Extracted data entries
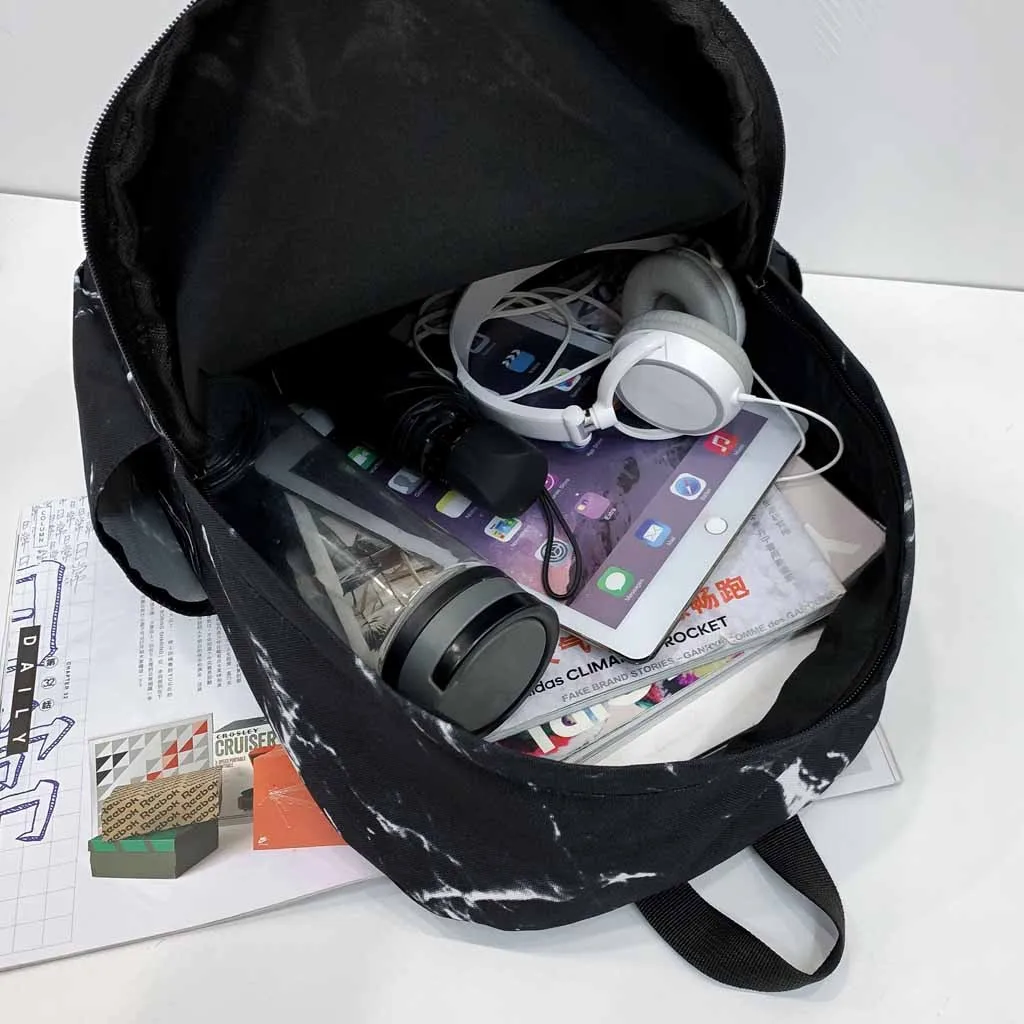 Унисекс мраморный рюкзак рюкзак женская Повседневная Студенческая сумка большая емкость Компьютерная Сумка подростковая женская школьная сумка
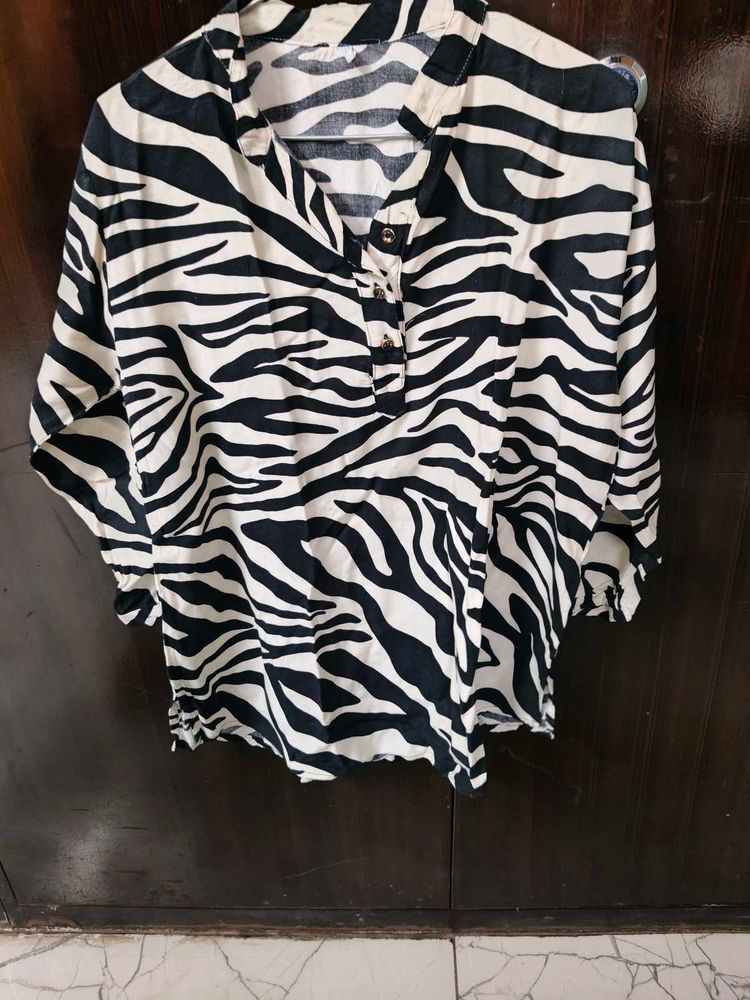 Zebra Print Tunic Top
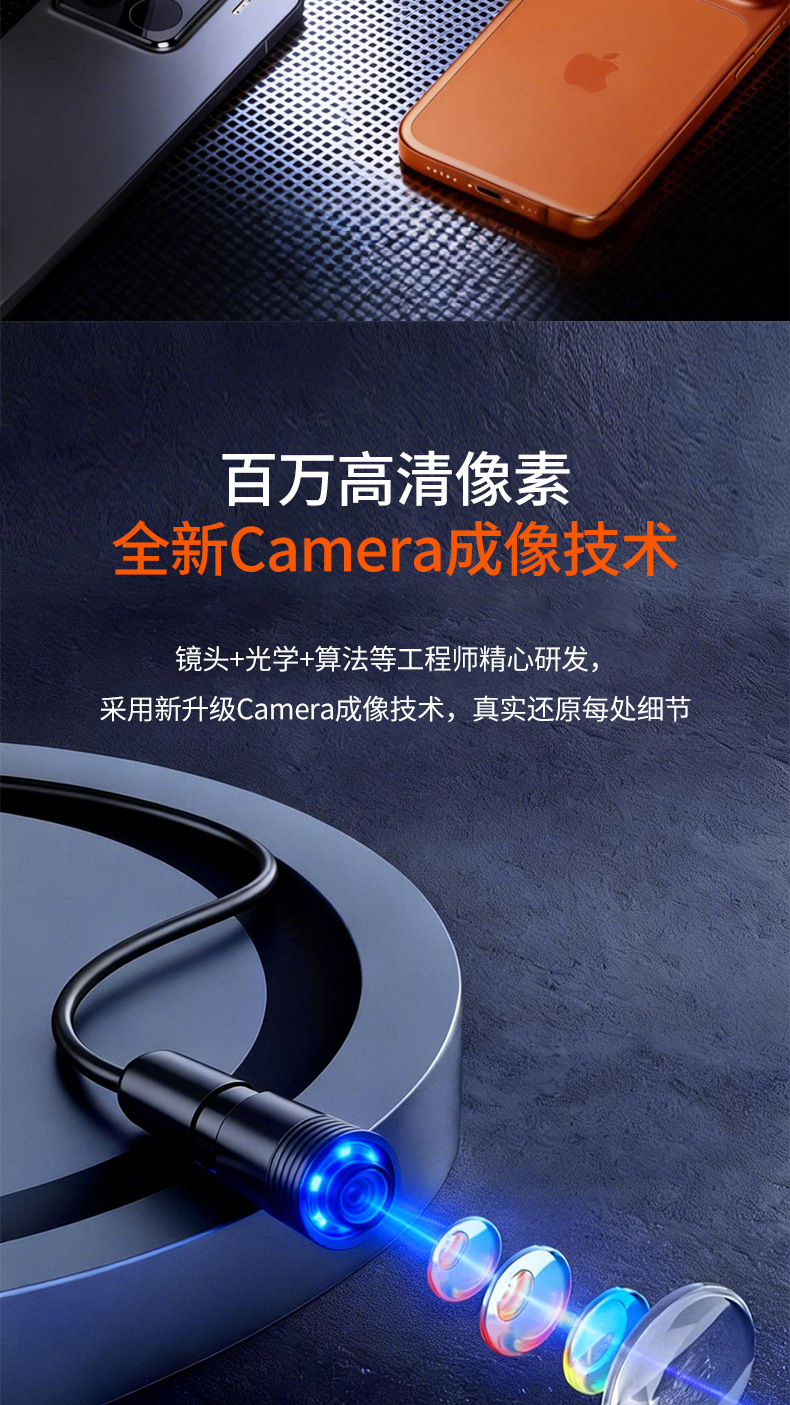 HD Smartphone Endoscope Compatible with Apple Android Hard Wire Automotive Repair Sewage Pipe Camera Dual Lens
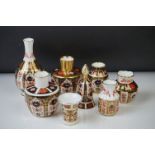Royal Crown Derby ' Old Imari ' pattern ceramics, 8 pieces, to include seven vases (featuring an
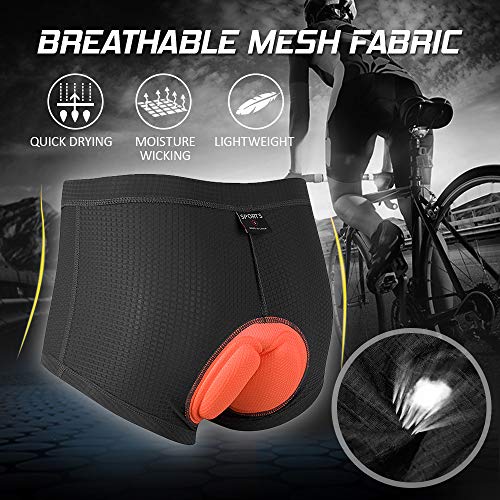 Andoer Shorts de ciclismo feminino 3D acolchoados para bicicleta e ciclistas Shorts respiráveis ​​de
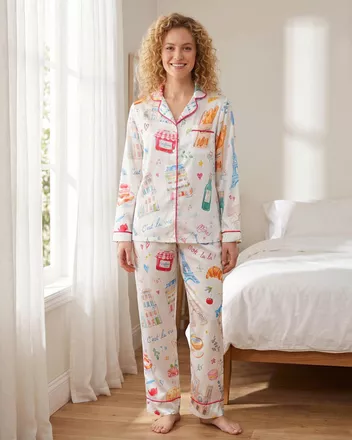 All-over Print Satin Pajamas Set (Loose Pants)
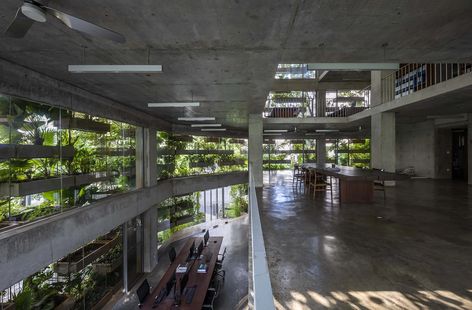 vo trong nghia's 'urban farm office' returns tropical nature to the city Vtn Architects, Vo Trong Nghia, Shigeru Ban, Green Facade, Architecture Magazines, Minimalist Lighting, Concrete Structure, Luxury Homes Interior, Industrial House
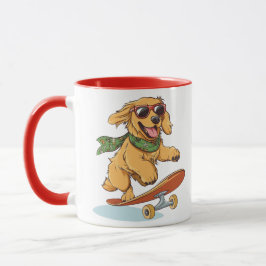 Mug Golden Retriever Dog Skateboarding
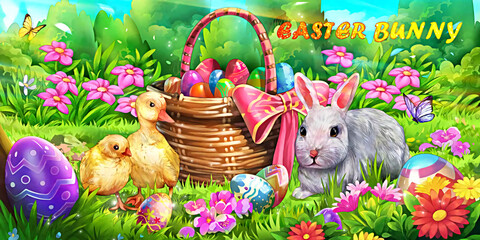 Fototapeta premium Happy Easter, decorative eggs, bunny and puppy in the flower garden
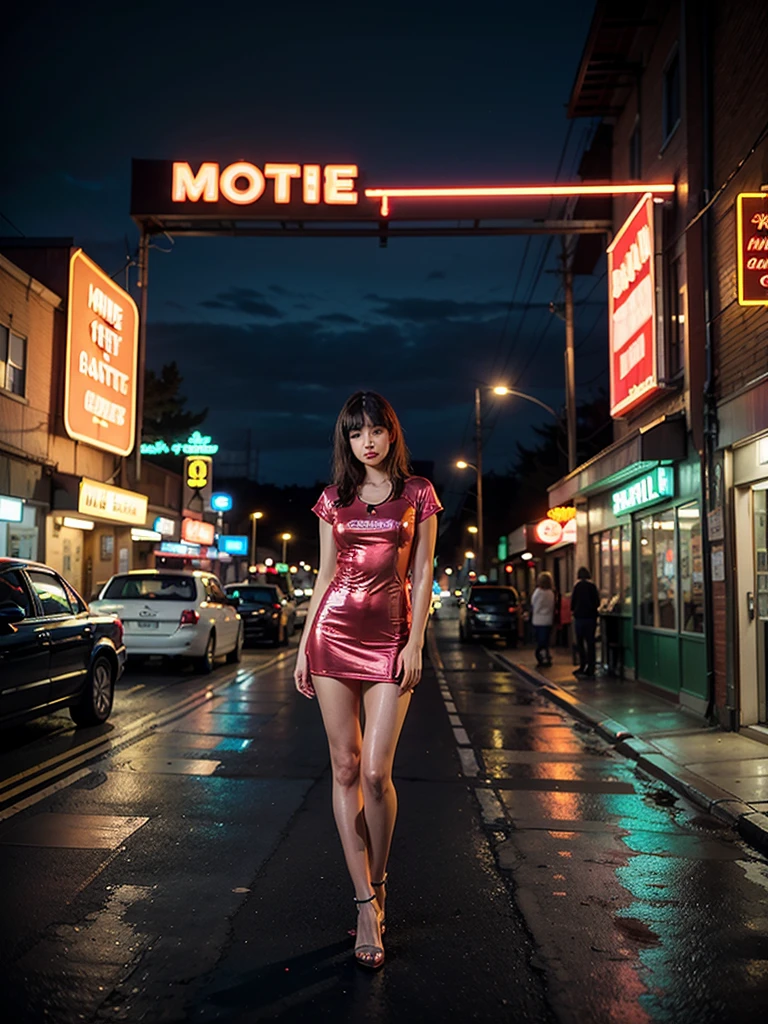 ((masterpiece, highest quality, best image quality, High resolution, realistic, Raw photo, 8K)), Rough motel with cars parked in front々nice view, with neon sign, A woman waiting for customers in front of a motel, lure, short dress and high heels, National Route 66, neon sign, 1 9 5 0 S Americana Tourism, some have neon sign, Outside neon, neon advertising, gigantic neon sign, Neon Shop, At Ernie Swekel, few neon sign, neon sign in background,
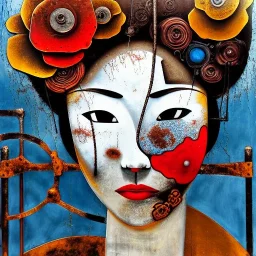 an abstract painting of rusted metal and flowers, Geisha portrait, rust, scaffolding, iron cladding, decay, mixed media, textured, anatomically correct, beautiful perfect face, sharp focus, highly detailed by Joan miro 8k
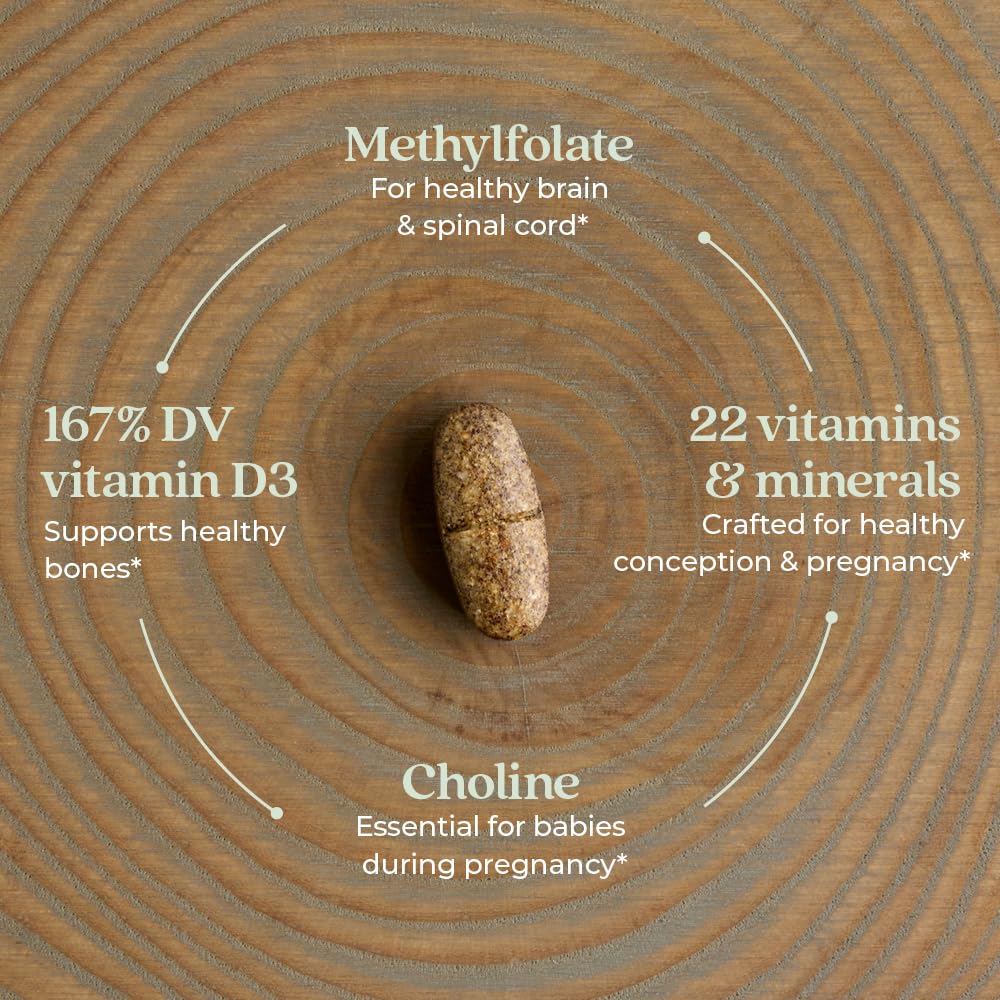 New Chapter Prenatal Vitamins — One Daily Multivitamin with Methylfolate + Choline | Gluten Free & Non-GMO | 90 Count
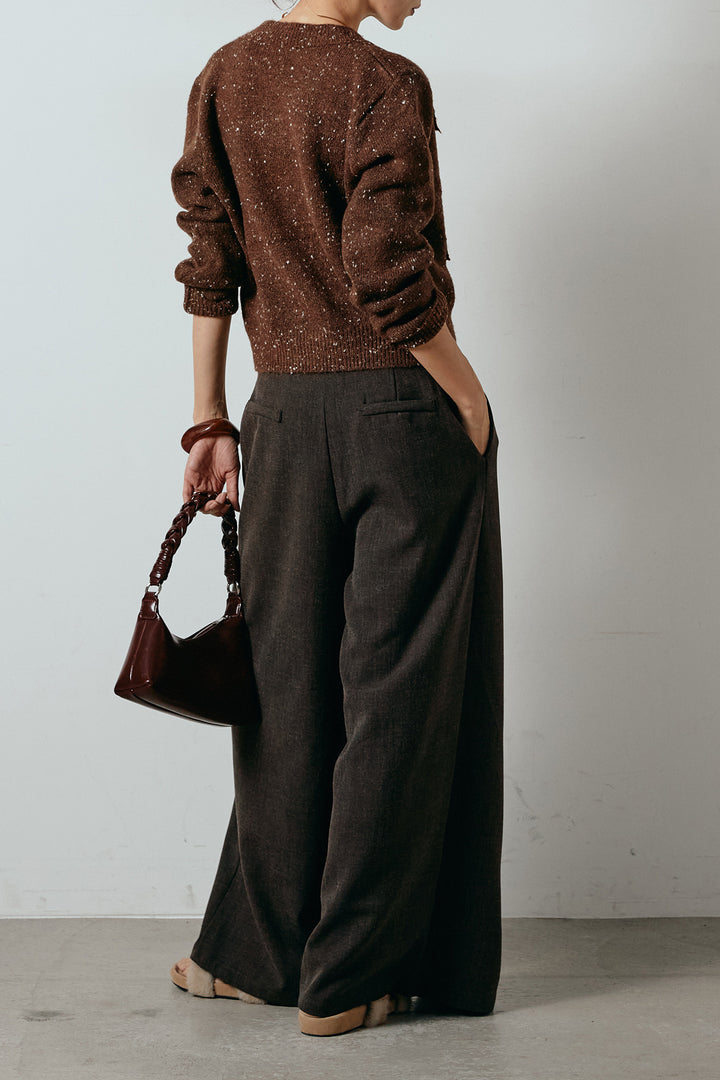 [SET]ネップニットカーディガン+ラップ巻きワイドスラックス(2set)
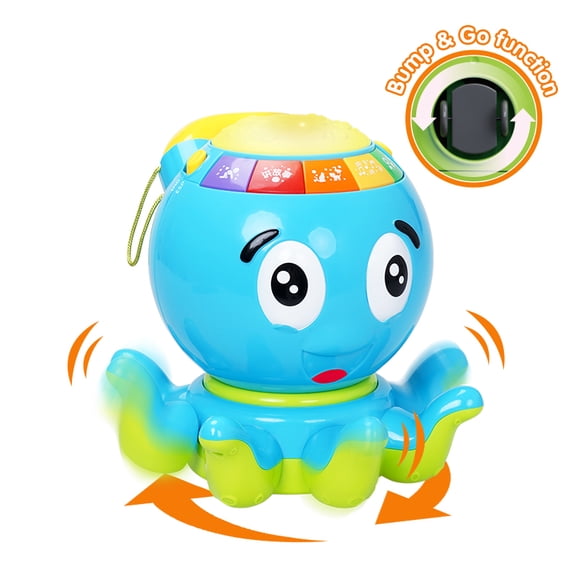 Octopus Music Drum Learning Toy Light and Sound Musical with Animal Sounds Letters Crawl Function and Bump and Go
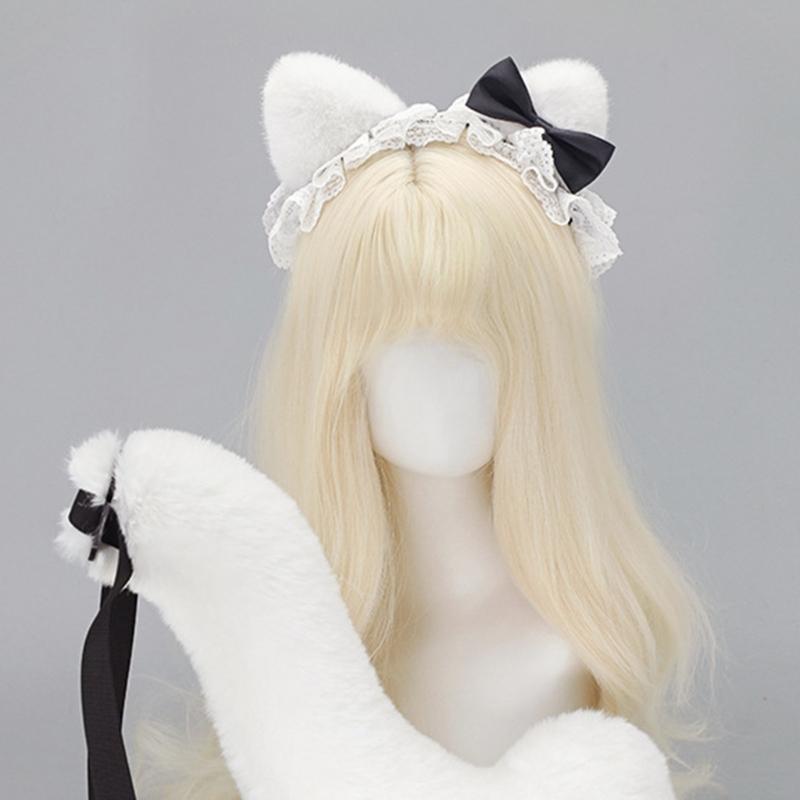 Plush Kitten Ears Headbands With NonSlip Silicone Grip For Role Play And Sports Activities Plush Headwear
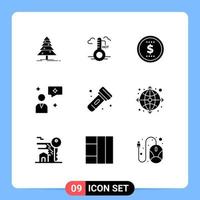 Set of 9 Modern UI Icons Symbols Signs for torch flashlight finance camping chatting Editable Vector Design Elements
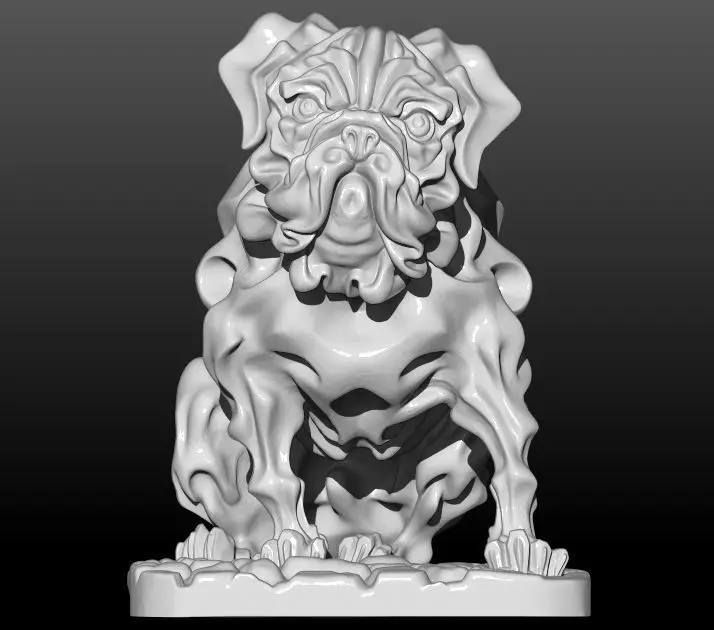 Mops dog 3D print model_0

• **Work to be completed**
Line by line and exactly, reproduce the span from the line with "[SET]ネップニットカーディガン+ラップ巻きワイドスラックス(2set)" through the end of the data above, both ends included, with pictures left out.

• **Result of this exercise**
 [SET]ネップニットカーディガン+ラップ巻きワイドスラックス(2set)
 Octopus Music Drum Learning Toy Light and Sound Musical with Animal Sounds Letters Crawl Function and Bump and Go
 Plush Kitten Ears Headbands With NonSlip Silicone Grip For Role Play And Sports Activities Plush Headwear
 Set of 9 Modern UI Icons Symbols Signs for torch flashlight finance camping chatting Editable Vector Design Elements
 Mops dog 3D print model_0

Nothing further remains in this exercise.